===== AVAILABLE DATA =====
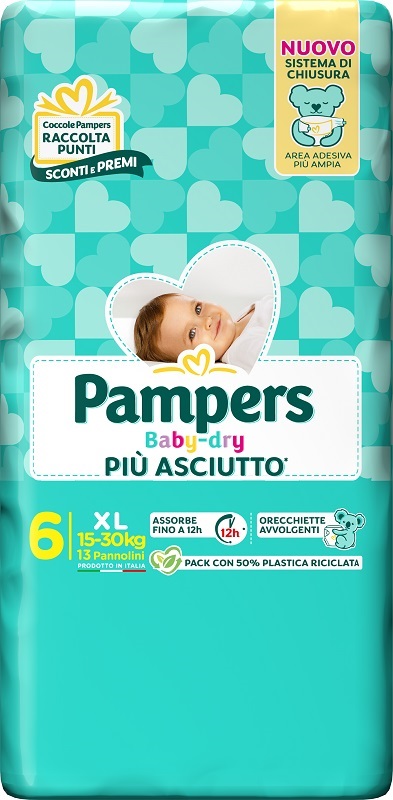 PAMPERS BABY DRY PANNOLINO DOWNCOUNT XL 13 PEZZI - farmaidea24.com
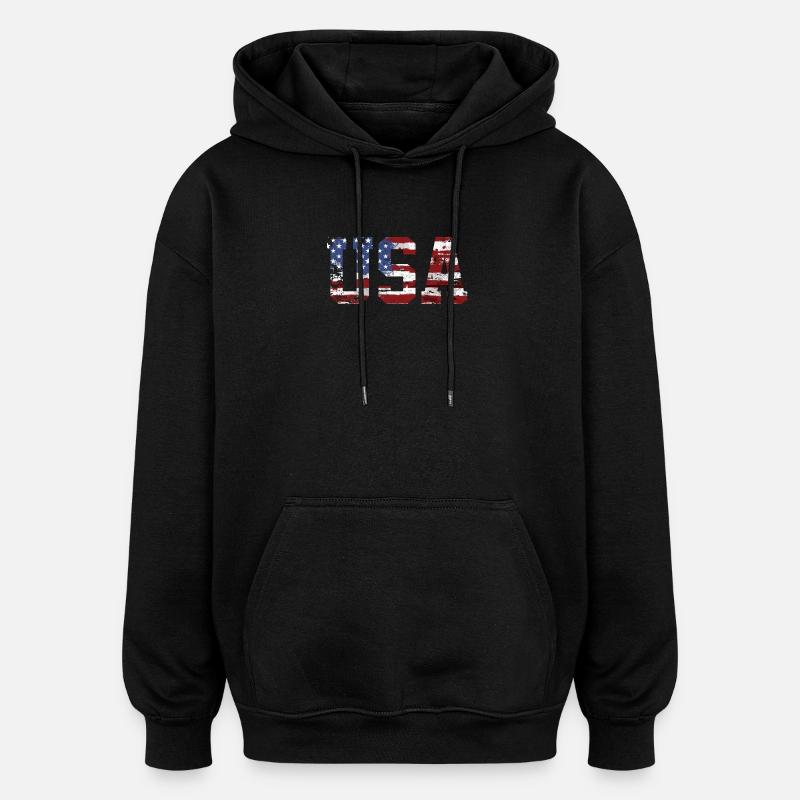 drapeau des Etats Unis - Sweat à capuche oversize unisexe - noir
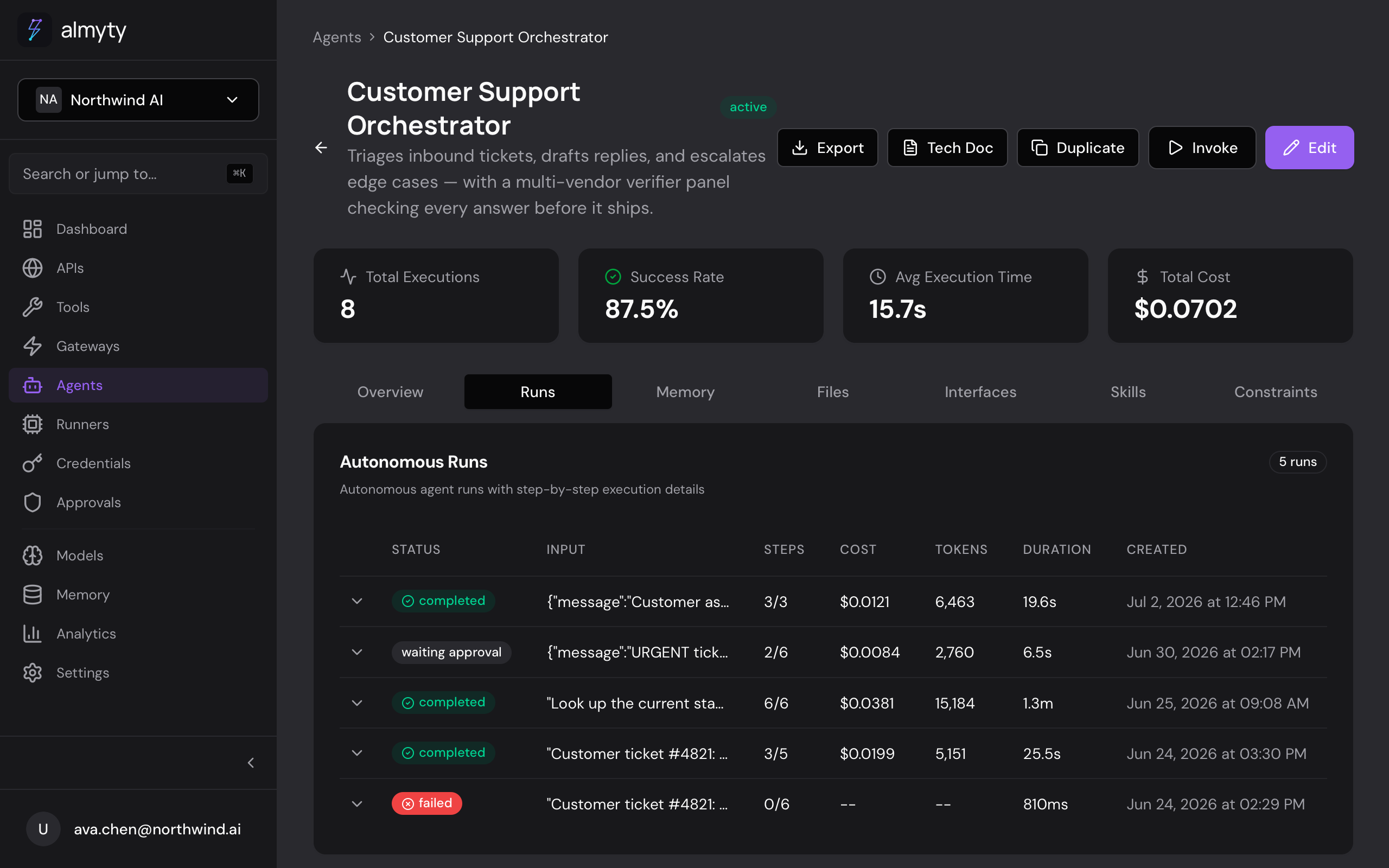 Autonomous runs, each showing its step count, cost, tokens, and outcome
=====
===== AVAILABLE DATA =====
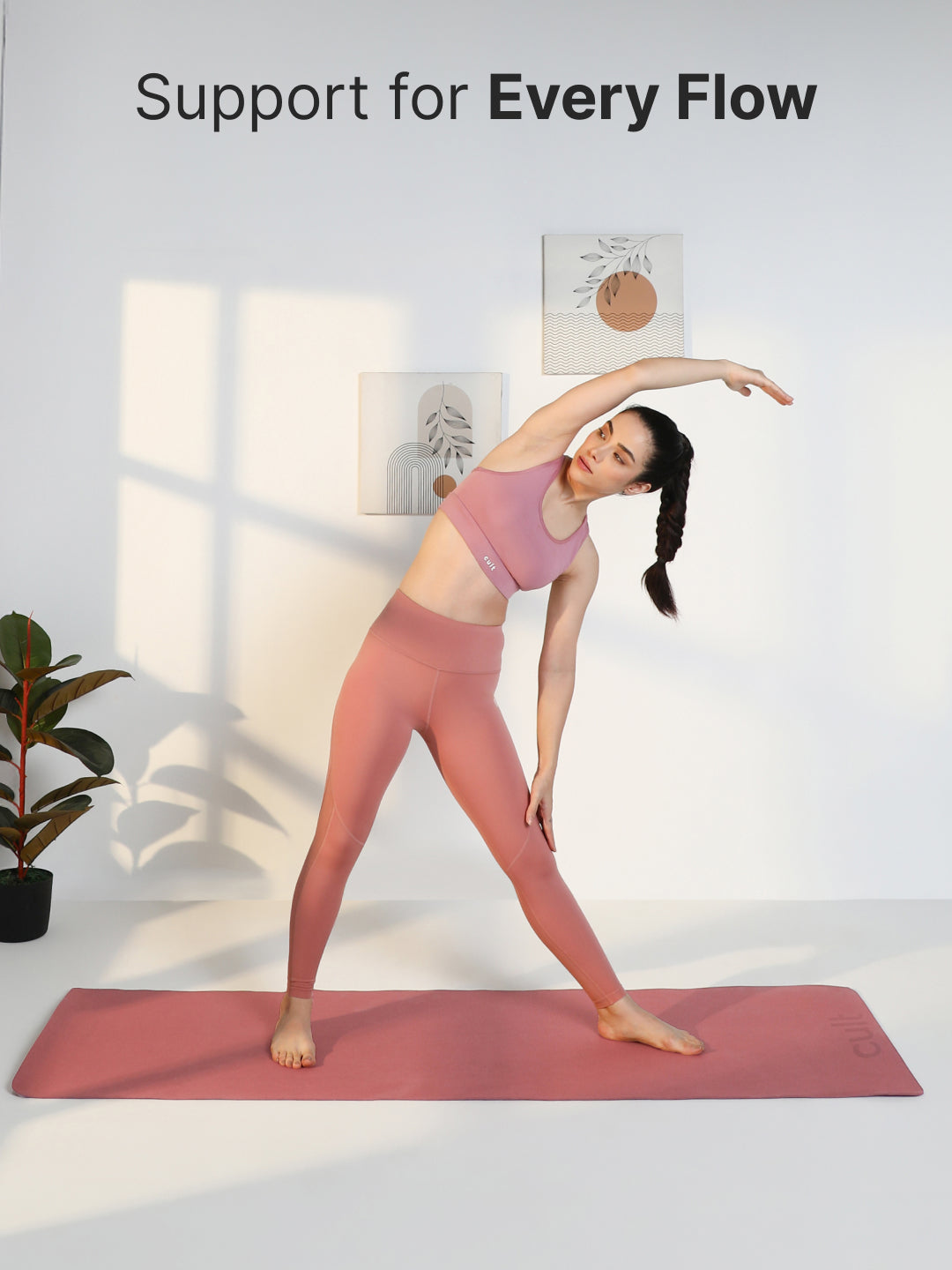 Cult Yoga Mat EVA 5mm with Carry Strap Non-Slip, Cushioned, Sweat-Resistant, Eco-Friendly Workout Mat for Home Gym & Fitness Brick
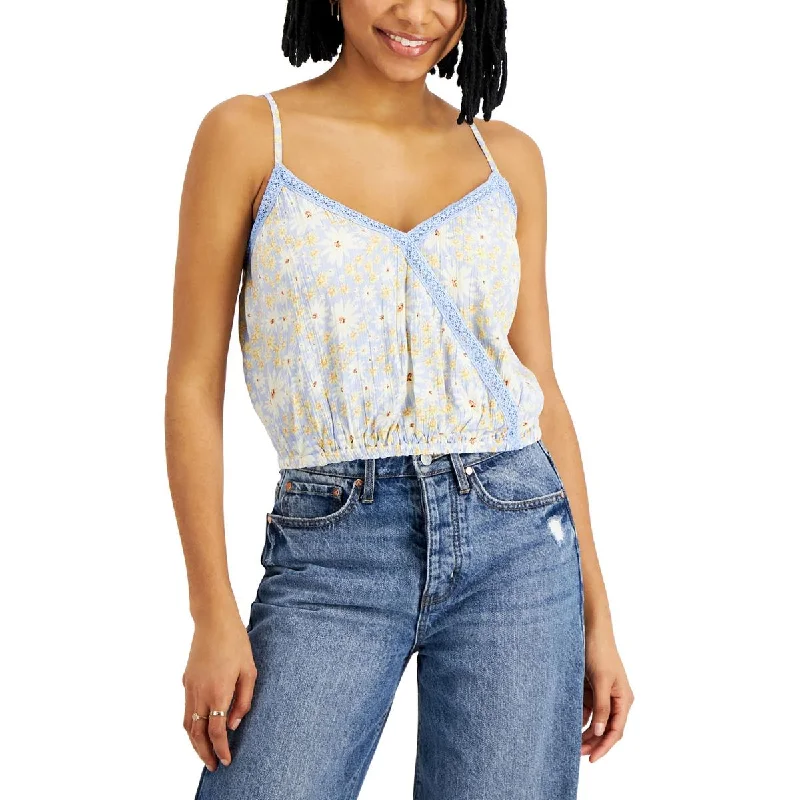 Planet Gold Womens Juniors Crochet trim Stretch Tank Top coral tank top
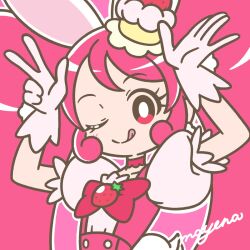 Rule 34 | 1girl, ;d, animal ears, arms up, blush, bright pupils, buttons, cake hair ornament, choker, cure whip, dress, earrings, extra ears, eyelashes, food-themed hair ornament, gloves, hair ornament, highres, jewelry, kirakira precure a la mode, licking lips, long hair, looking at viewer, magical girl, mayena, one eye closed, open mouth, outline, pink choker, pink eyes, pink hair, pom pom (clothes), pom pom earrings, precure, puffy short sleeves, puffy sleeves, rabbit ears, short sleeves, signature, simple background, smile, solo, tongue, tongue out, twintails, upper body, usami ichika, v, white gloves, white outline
=====
===== AVAILABLE DATA =====
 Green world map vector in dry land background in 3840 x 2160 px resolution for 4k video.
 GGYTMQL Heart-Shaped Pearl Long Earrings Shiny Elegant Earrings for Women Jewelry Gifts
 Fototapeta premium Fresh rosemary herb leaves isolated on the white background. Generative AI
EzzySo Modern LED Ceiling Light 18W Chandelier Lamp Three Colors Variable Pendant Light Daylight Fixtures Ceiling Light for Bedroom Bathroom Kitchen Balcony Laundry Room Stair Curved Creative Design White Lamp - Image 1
=====
WORK TASK:
Above, find the line holding "Cult Yoga Mat" and the line holding "Planet Gold Womens". Print exactly those two lines and every line between them, but no pictures.

REPLY:
 Cult Yoga Mat EVA 5mm with Carry Strap Non-Slip, Cushioned, Sweat-Resistant, Eco-Friendly Workout Mat for Home Gym & Fitness Brick
 Planet Gold Womens Juniors Crochet trim Stretch Tank Top coral tank top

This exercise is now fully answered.